Концептуальную структуру путаного и риторического рассуждения Кларка можно обнаружить, в кратком выражении, в сочинении Гуго Гроция «De Jure Belli ac Pacis» (1625), а также у его предшественников, в число которых, несомненно, входят Франсиско Суарес, автор «De Legibus» (1612) и, вероятно, Габриэль Васкес, автор «Комментария» к Фоме Аквинскому (1605). Кларк, как и все образованные люди его времени, был знаком с чрезвычайно влиятельным трактатом Гроция и мог быть знаком с соответствующими пассажами из Суареса и Васкеса, или в оригинале, или через английских комментаторов их рассуждений, таких как представитель школы кембриджского платонизма Натаниел Калверуэлл.

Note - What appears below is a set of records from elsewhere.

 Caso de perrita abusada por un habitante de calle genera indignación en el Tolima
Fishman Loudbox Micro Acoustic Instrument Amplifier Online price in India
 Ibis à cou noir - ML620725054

Принято считать, что Гроций открыл новую, современную, светскую эпоху в развитии теории естественного права благодаря своему «etiamsi daremus…»: «Сказанное нами в известной мере сохраняет силу [locum aliquem] даже в том случае, если допустить [etiamsi daremus] – чего, однако же, нельзя сделать, не совершая тягчайшего преступления, – что Бога нет или что он не печется о делах человеческих»[98].

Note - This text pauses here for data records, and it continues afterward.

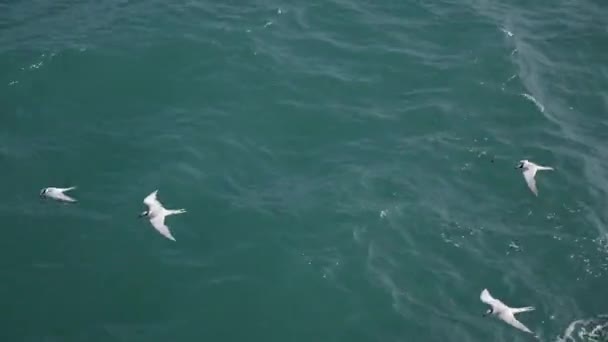 Gaviota volando sobre el mar — Vídeos de Stock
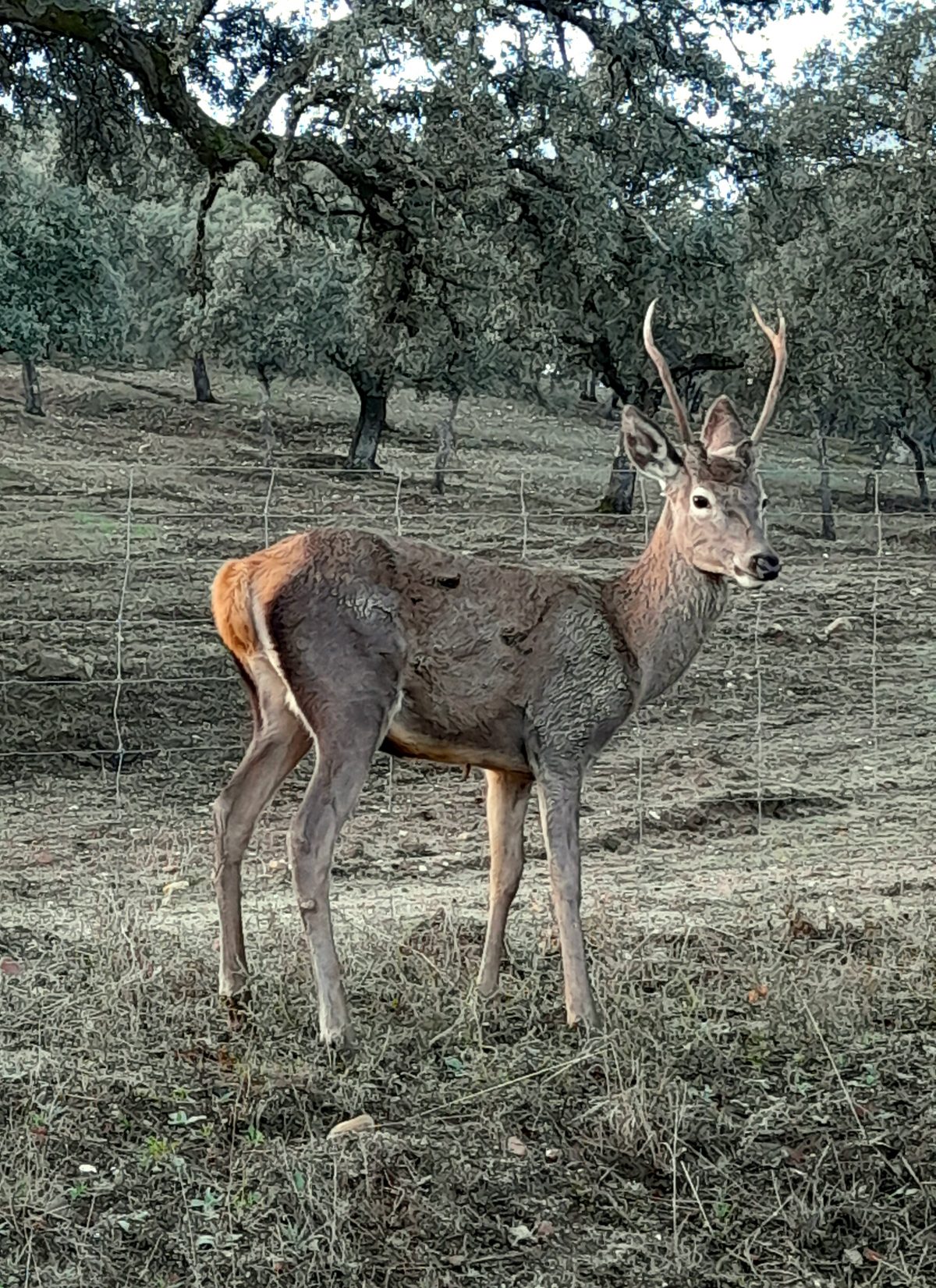 Cervus elaphus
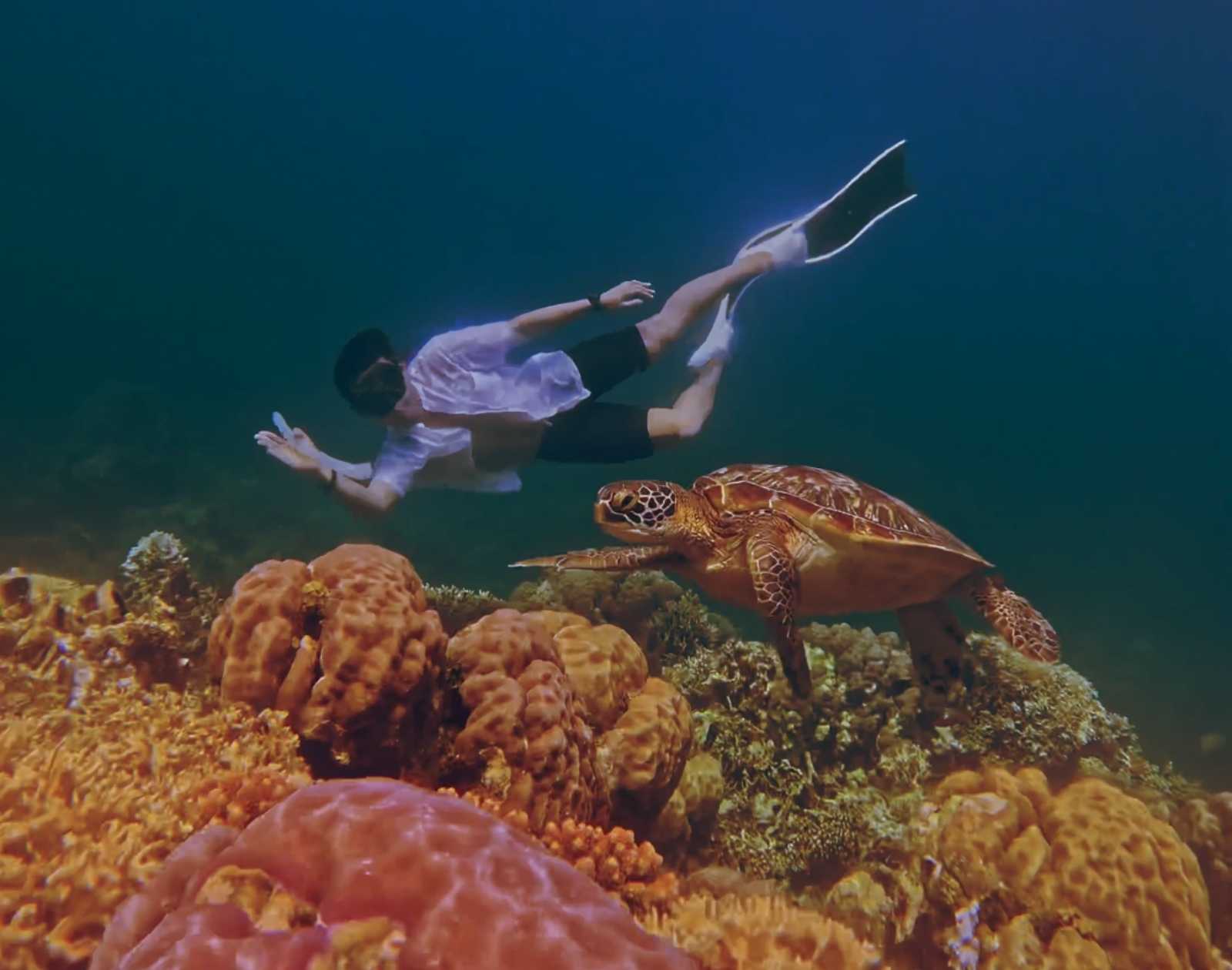 Froyows freediving with a sea turtle in Siquijor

Но это общепринятое прочтение Гроция всего лишь недоразумение. Гроцию наверняка было известно (хотя бы из чтения Суареса), что при обсуждении истоков обязанностей гипотеза о несуществовании Бога (или о его безразличии) была общим местом теологических дискуссий начиная по крайней мере с середины XIV в. И очень многие схоласты использовали эту гипотезу с той же целью, что и Гроций. «Сказанное нами…» – говорит Гроций. За один абзац до процитированного предложения он заметил:

«…Человек… имеет… силу суждения для оценки того, что способно нравиться или причинять вред… а также того, что может приводить к тому и другому. Понятно, что человеческой природе свойственно [conveniens humanae naturae], в согласии с разумом, в этих обстоятельствах руководствоваться здравым суждением… а то, что явно противоречит такому суждению, следует рассматривать как противное также естественному праву, а тем самым – и человеческой природе [contra jus naturae, humani scilicet]»**.

96

Трактат, III, i, 1* (British Moralists, para. 500) (выделено Юмом).

97

Я использую словосочетание «is to be» как герундив, т. е. в том смысле, какой оно имеет, когда мы спрашиваем: «What is to be done?» <«Что надо сделать?»> («Quid est faciendum?»). Таким образом, оно может быть понято как эквивалент «ought to be…», включая широкий диапазон значений слова «ought»: см. II.6 и ниже, III. 2, 3, 5.

98

Grotius. De Jure Belli ac Pacis, Prolegomena, para. ix* (trans. Kelsey, Oxford, 1925).